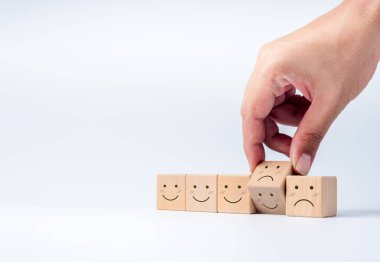 Beyaz arka planda gülen yüz yapmak için elleri ahşap küp bloklar çeviriyor. Müşteri değerlendirmesi ve değerlendirmesi. Müşteri seçimi. Müşteri hizmetleri değerlendirmesi ve tatmin araştırması kavramları.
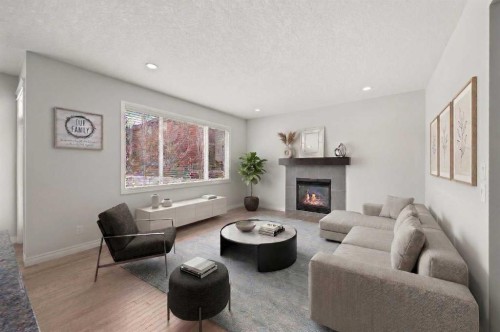 44 Cimarron Springs Circle, Okotoks, AB - Indoor Photo Showing Living Room With Fireplace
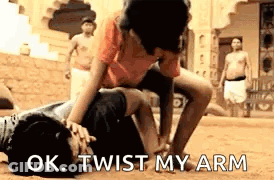 Man Laying On Top Of Another GIF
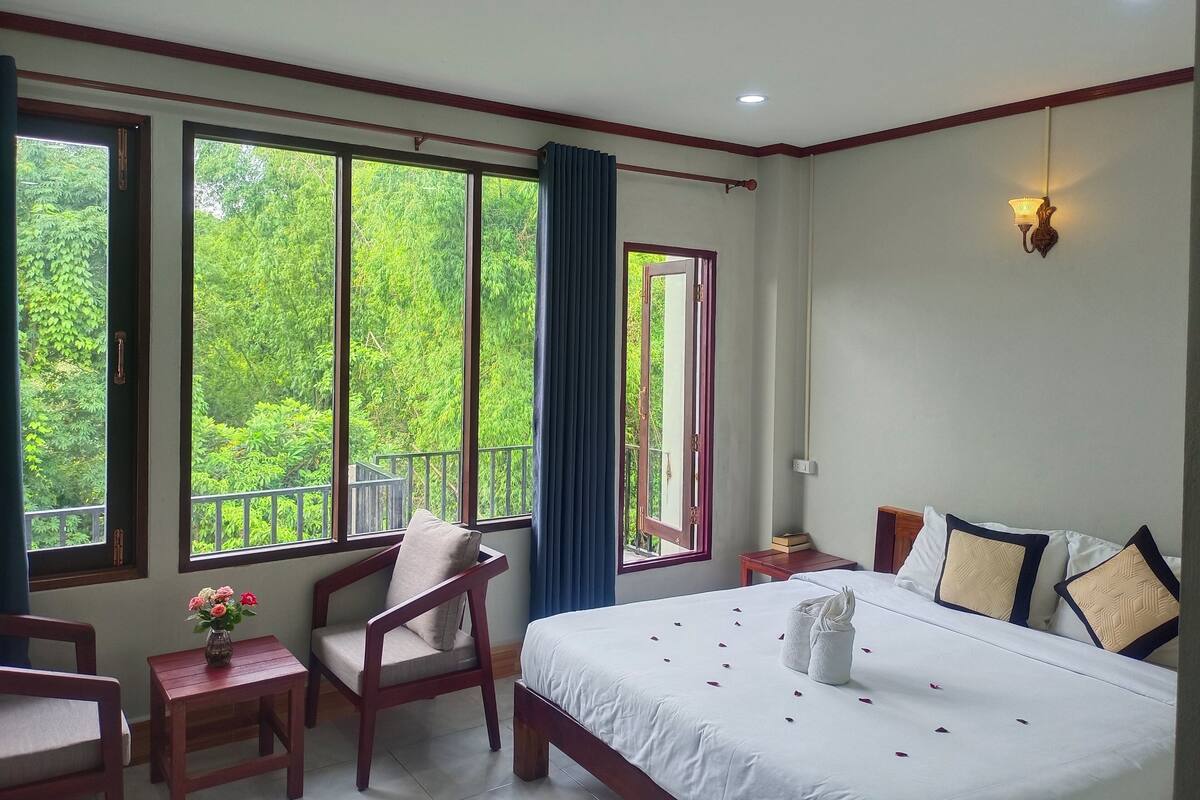 Ein Hotelzimmer mit einem großen Bett, einem Holzstuhl, einem kleinen Tisch mit Blumenvase und Blick auf üppiges Grün durch die Fenster.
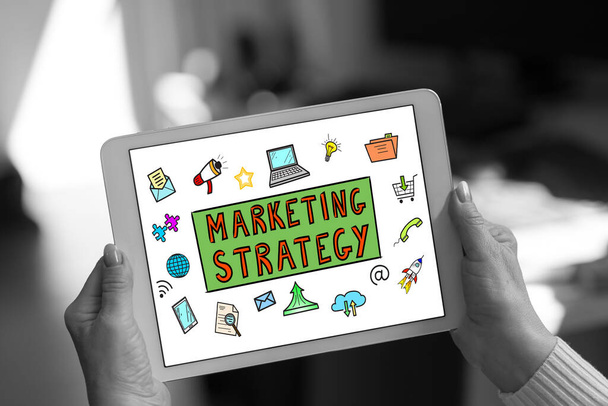 Conceito de estratégia de marketing mostrado em um tablet mantido por uma mulher - Foto, Imagem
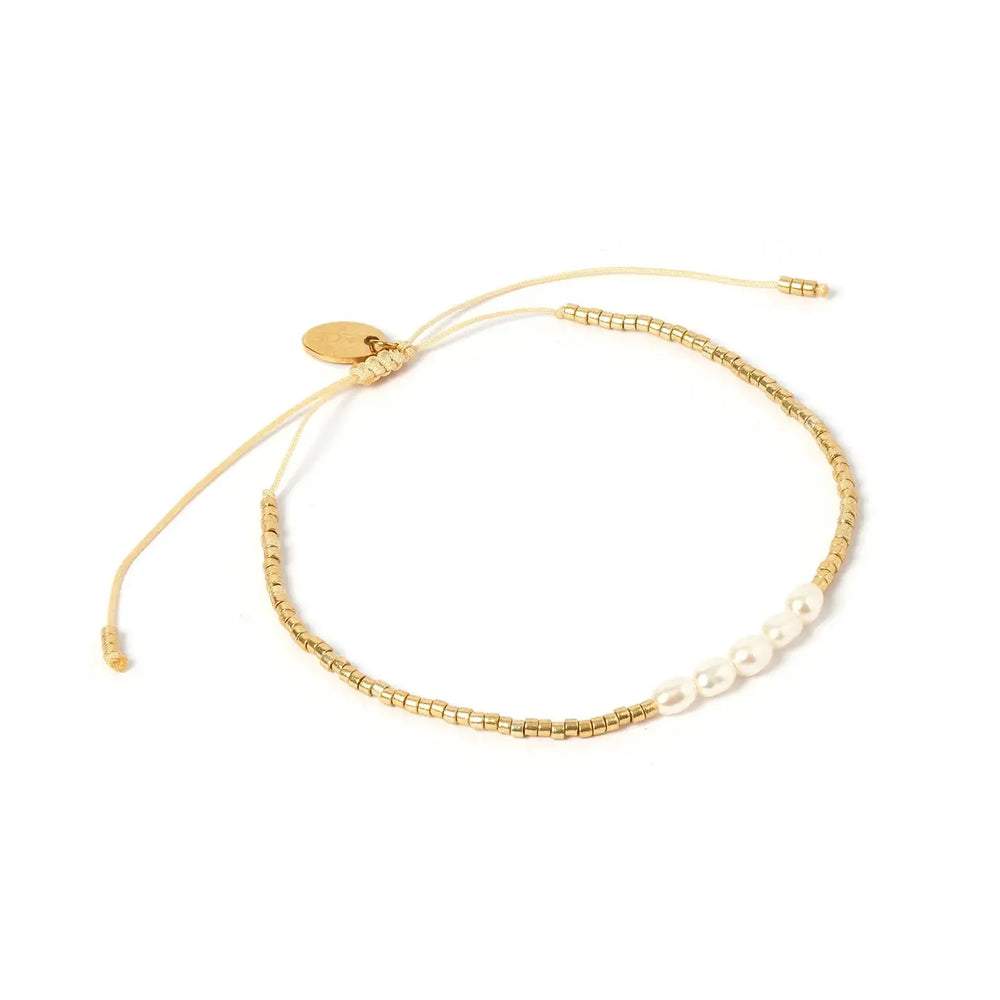 
                      
                        The Seline Gold and Pearl Bracelet by Arms of Eve
                      
                    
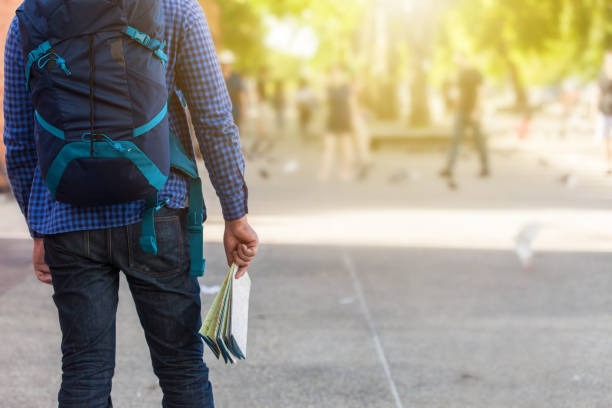 istock Young man traveler with backpack and with map. Travel concept 1022885534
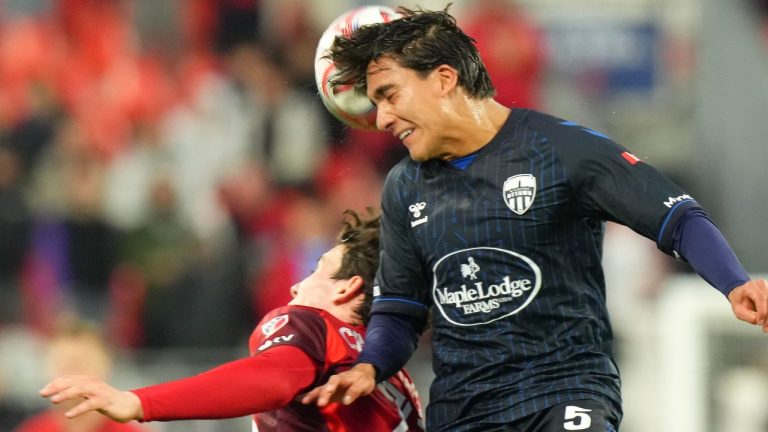 Atletico Ottawa's Daniel Aguilar, right, wins a ball against Toronto FC's Marcus Cimermancic during first half Canadian Championship action in Toronto, on Tuesday, May 5, 2026. (Chris Young/THE CANADIAN PRESS)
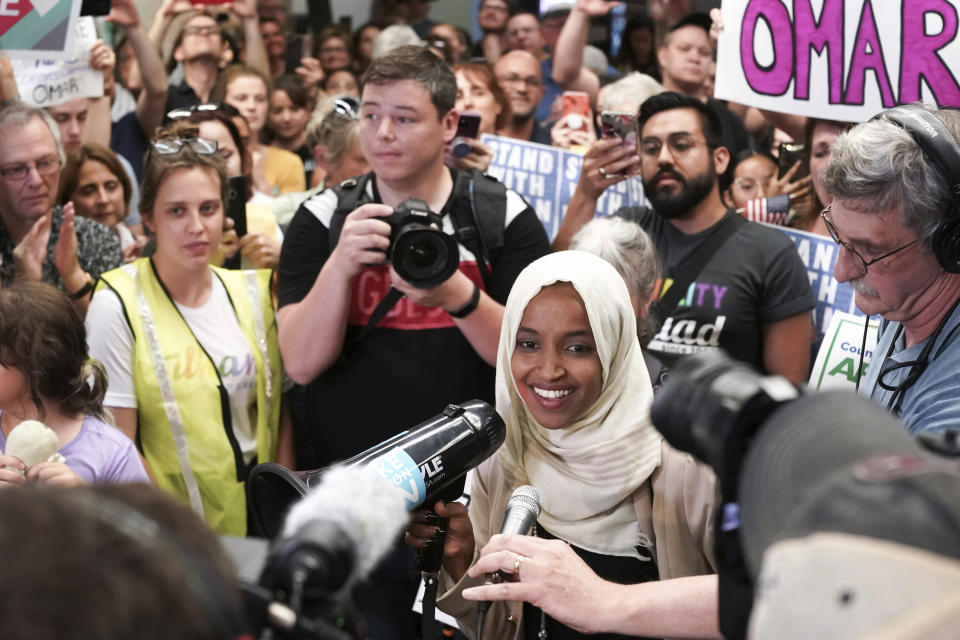 U.S. Rep. Ilhan Omar speaks to supporters as she arrives at Minneapolis–Saint Paul International Airport, Thursday, July 18, 2019, in Minnesota. President Donald Trump is chiding campaign supporters who'd chanted "send her back" about Somali-born Omar, whose loyalty he's challenged. (Glen Stubbe/Star Tribune via AP)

:::::

### Directions for this task
When copying the listing above, begin at its first line and stop after the line with "Man Laying On Top Of Another GIF", keeping each line exact and dropping the pictures.

### Answer for the task
 Beyaz arka planda gülen yüz yapmak için elleri ahşap küp bloklar çeviriyor. Müşteri değerlendirmesi ve değerlendirmesi. Müşteri seçimi. Müşteri hizmetleri değerlendirmesi ve tatmin araştırması kavramları.
 44 Cimarron Springs Circle, Okotoks, AB - Indoor Photo Showing Living Room With Fireplace
 Man Laying On Top Of Another GIF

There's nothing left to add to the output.